→ **TASK TO COMPLETE**: Return the stretch from the line with "simple christmas nails" through the line with "graphic up close" in the data below, character for character, skipping all pictures.

→ **MATERIAL TO PROCESS**:
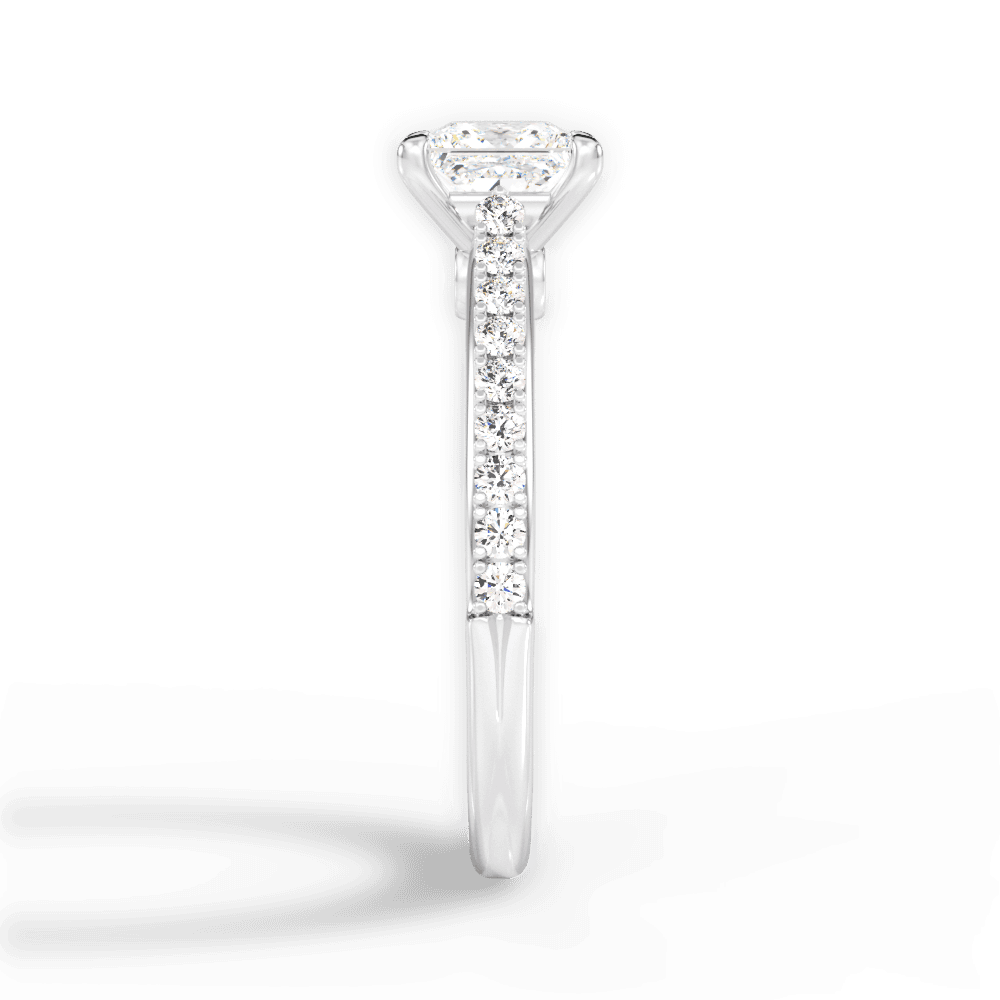 Frances Princess Cut Lab Grown Diamond Platinum Engagement Ring - View 3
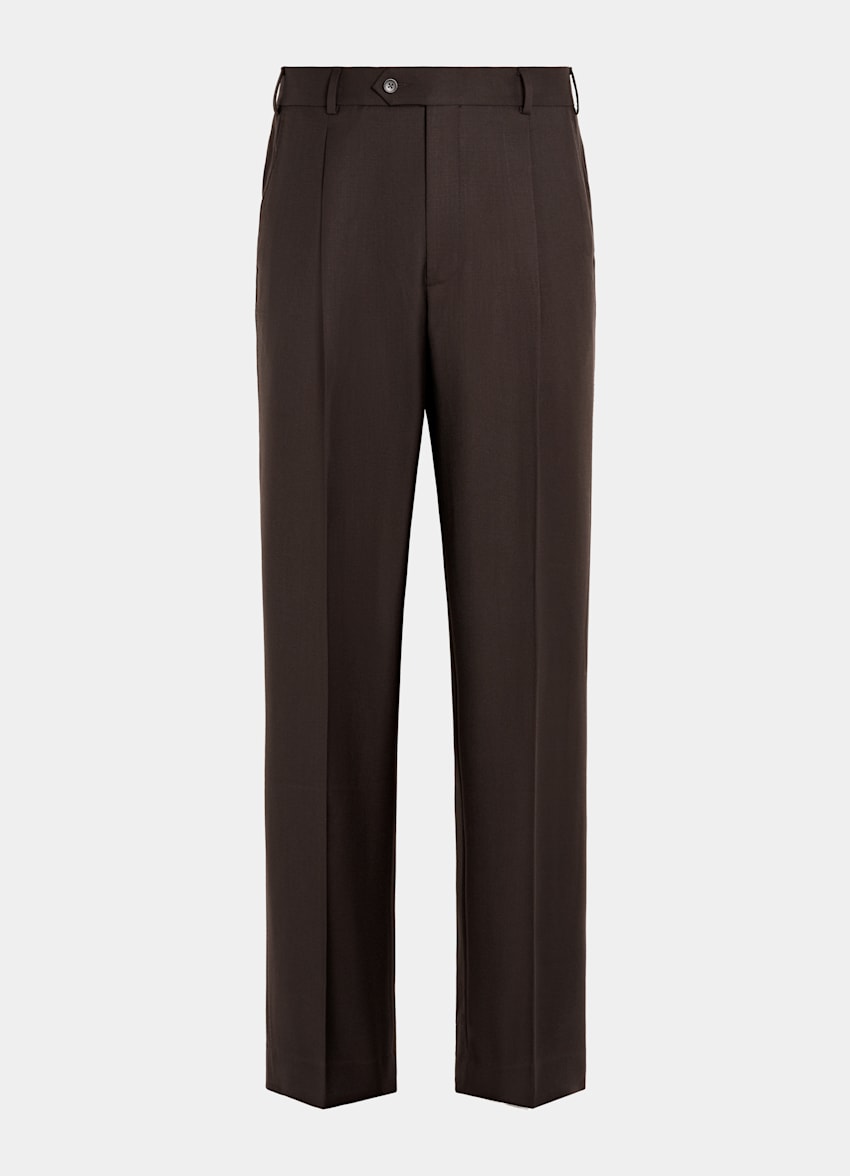 SUITSUPPLY All Season Pure Wool by Vitale Barberis Canonico, Italy  Dark Brown Wide Leg Straight Pants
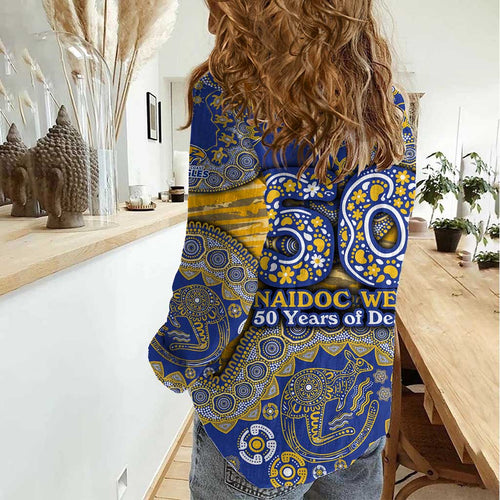 West Coast Eagles NAIDOC Week 2026 Women Casual Shirt Australian Aboriginal Dot Art Dreamtime Pattern Style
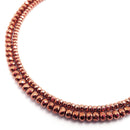 copper plated hematite faceted smooth rondelle beads 
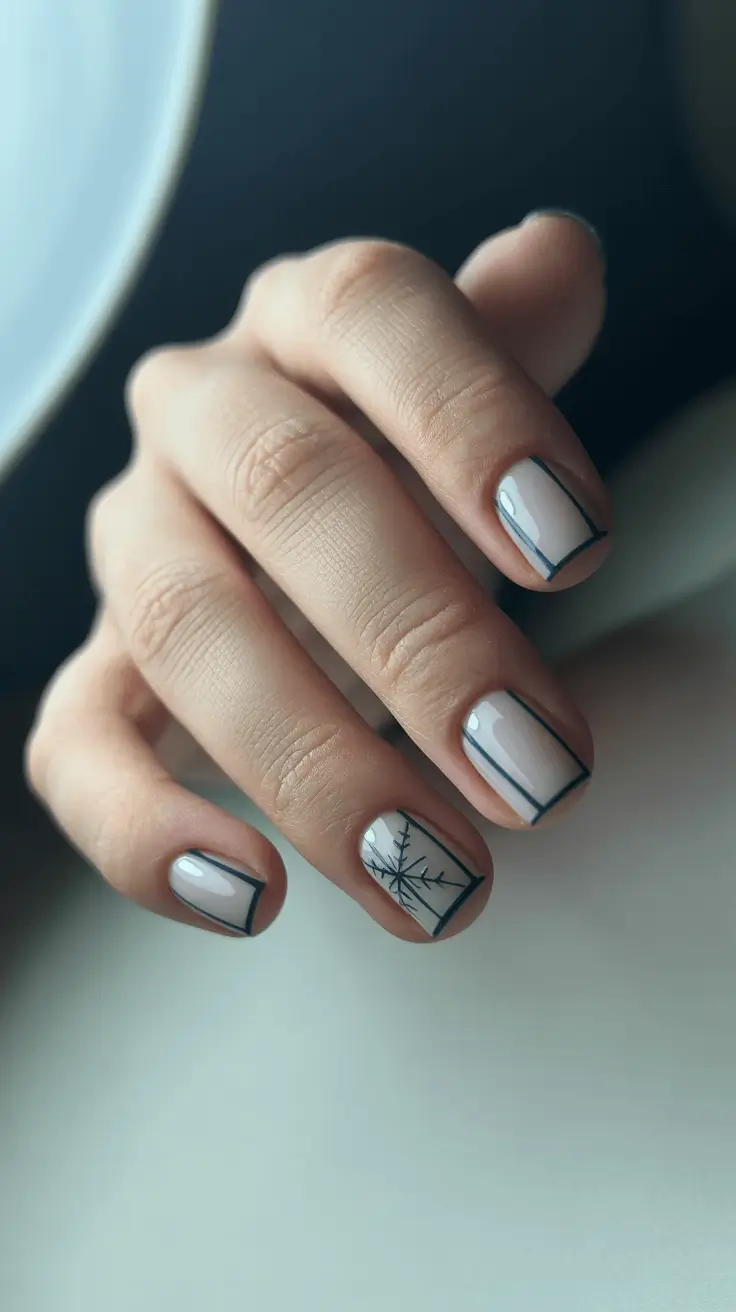 simple christmas nails minimalist snowflake lines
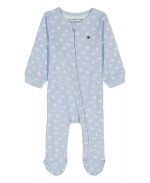 Tommy Hilfiger Baby Boys Logo Print Footed Coverall-Blue
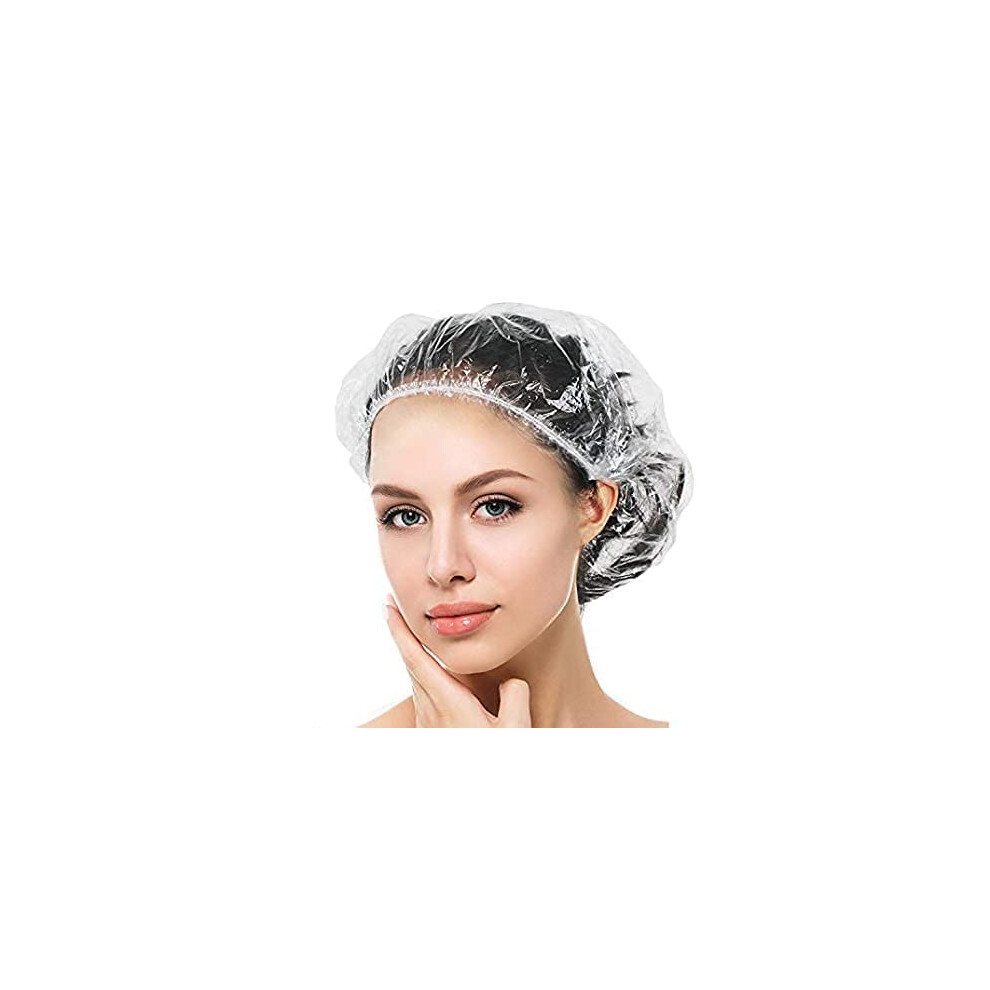 100 Pack Disposable Shower Caps Clear Plastic Large Waterproof Hair Protection Individually Wrapped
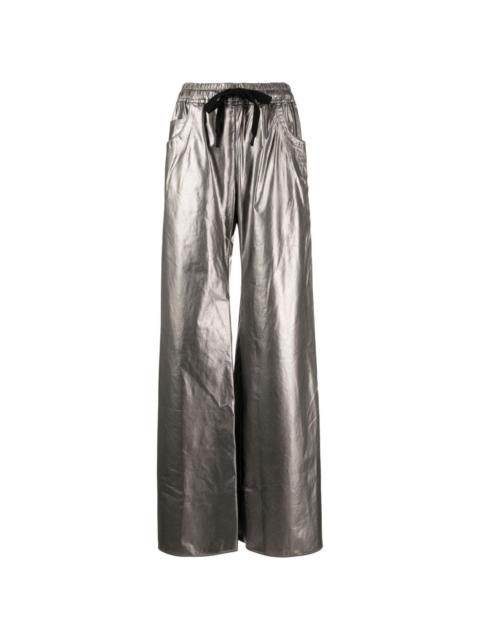 metallic-finish drawstring trousers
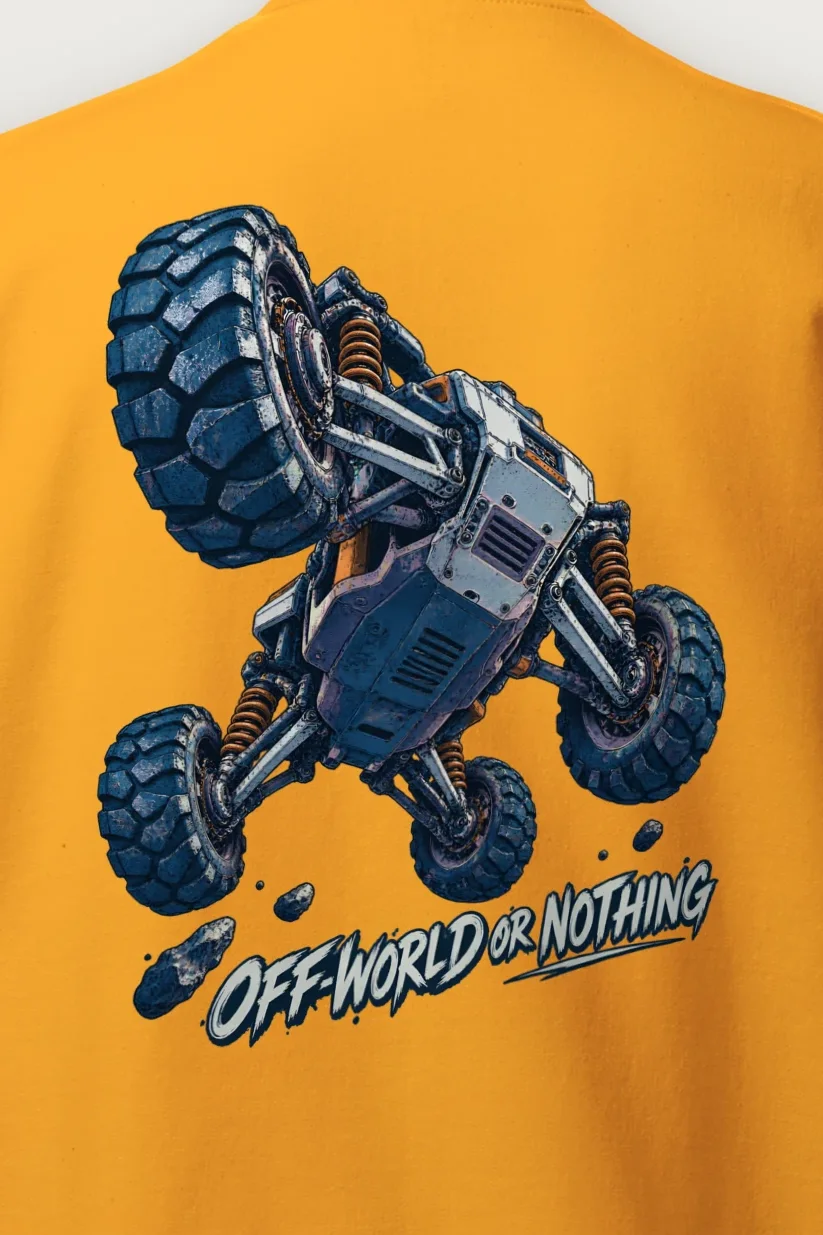"Off-World or Nothing" Heavy Blend Unisex Crewneck Sweatshirt - the graphic up close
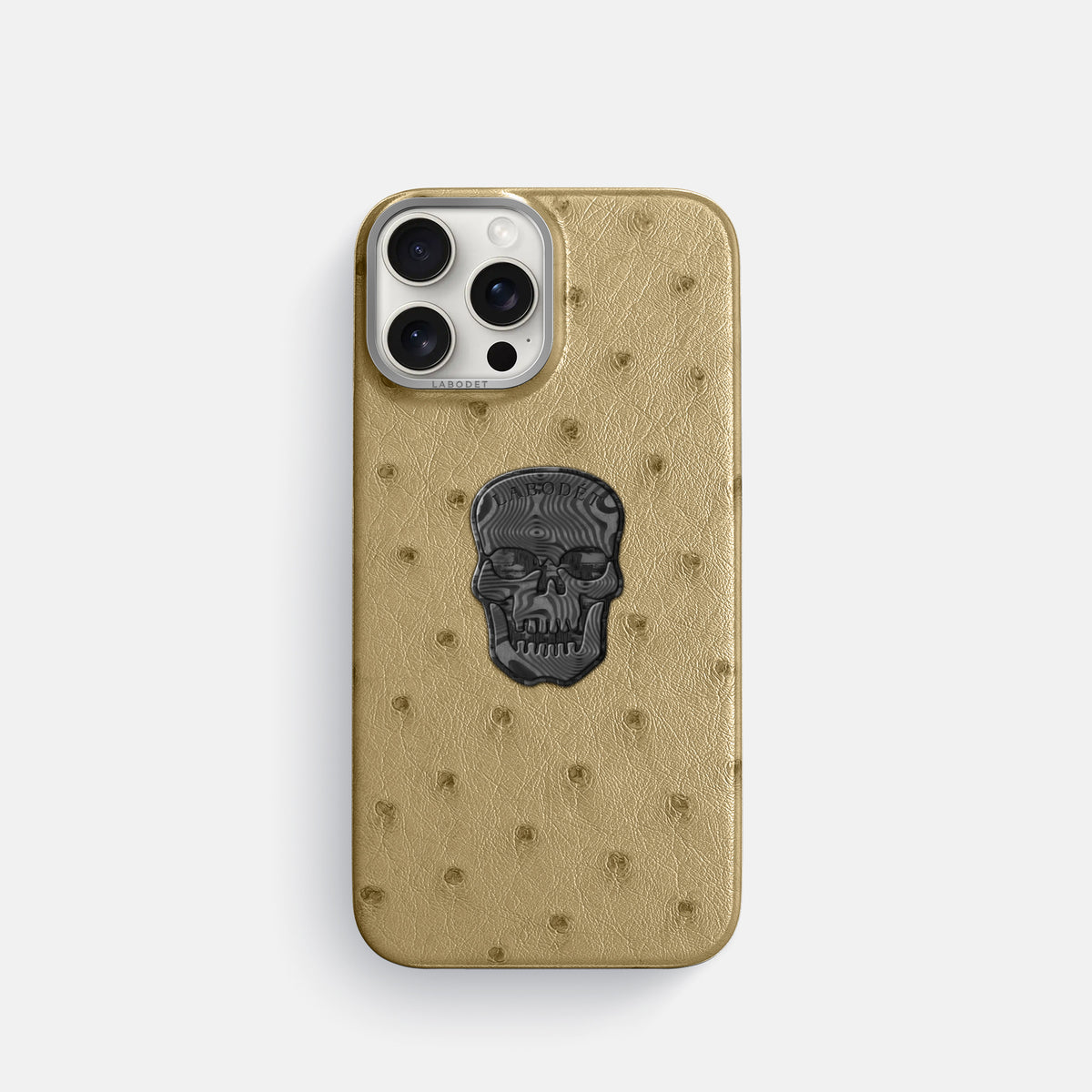 Desert-Sand iPhone 16 Pro Classic Case Ostrich with Steel Metal -1 | Desert-Sand-Steel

→ **FINAL ANSWER**:
 simple christmas nails minimalist snowflake lines
 Tommy Hilfiger Baby Boys Logo Print Footed Coverall-Blue
 100 Pack Disposable Shower Caps Clear Plastic Large Waterproof Hair Protection Individually Wrapped
 metallic-finish drawstring trousers
"Off-World or Nothing" Heavy Blend Unisex Crewneck Sweatshirt - the graphic up close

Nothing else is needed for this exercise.